In training, a step is one update of the gradient; that is, one attempt to find the lowest, or minimal loss. The amount of processing done in one step depends on the batch size. By default, DeepSpeech.py has a batch size of 1. That is, it processes one audio file in each step.

An epoch is one full cycle through the training data. That is, if you have 1000 files listed in your train.tsv file, then you will expect to process 1000 steps per epoch (assuming a batch size of 1).

To find out how many steps to expect in each epoch, you can count the number of lines in your train.tsv file:

~/deepspeech-data/cv-corpus-6.1-2020-12-11/id$ wc -l train.tsv
2131 train.tsv

In this case there would be 2131 steps per epoch.

--epochs specifies how many epochs to train. It has a default of 75, which would be appropriate for training tens to hundreds of hours of audio. If you have thousands of hours of audio, you may wish to increase the number of epochs to around 150-300.
--train_batch_size, --dev_batch_size, --test_batch_size all specify the batch size per step. These all have a default value of 1. Increasing the batch size increases the amount of memory required to process the step; you need to be aware of this before increasing the batch size.

Advanced training options

Advanced training options are available, such as feature cache and augmentation. They are beyond the scope of this PlayBook, but you can read more about them in the DeepSpeech documentation.

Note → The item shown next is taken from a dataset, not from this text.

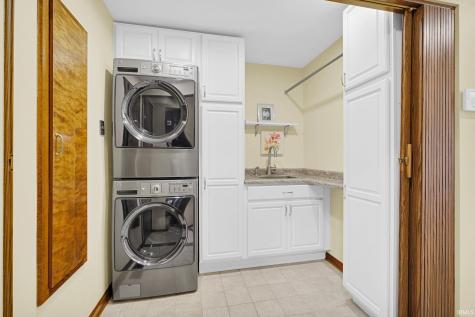 11051 Kahre Court Evansville IN 47710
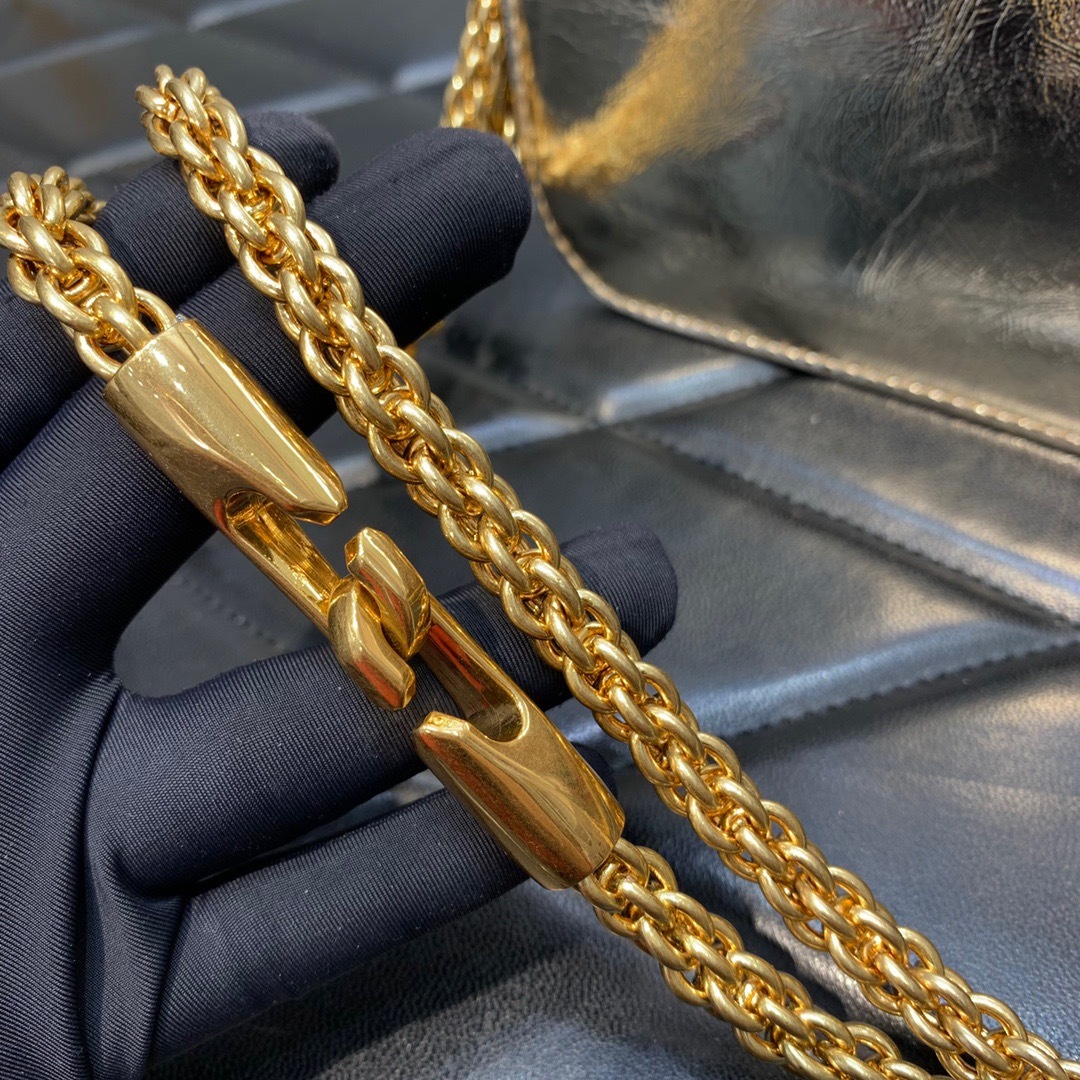 248949F1-E7B9-4B64-A5A8-5C0AF3905880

For a full list of parameters that can be passed to the DeepSpeech.py file, please consult the DeepSpeech documentation.

Monitoring GPU use with `nvtop`

In a separate terminal (ie not from the session where you have the Docker container open), run the command nvtop. You should see the DeepSpeech.py process consuming all available GPUs.

If you do not see the GPU(s) being heavily utilised, you may be training only on your CPUs and you should double check your environment.

Possible errors

`Failed to get convolution algorithm. This is probably because cuDNN failed to initialize, so try looking to see if a warning log message was printed above.` error when training

You can safely skip this section if you have not encountered this error

There have been several reports of an error similar to the below when training is initiated. Anecdotal evidence suggests that the error is more likely to be encountered if you are training using an RTX-model GPU.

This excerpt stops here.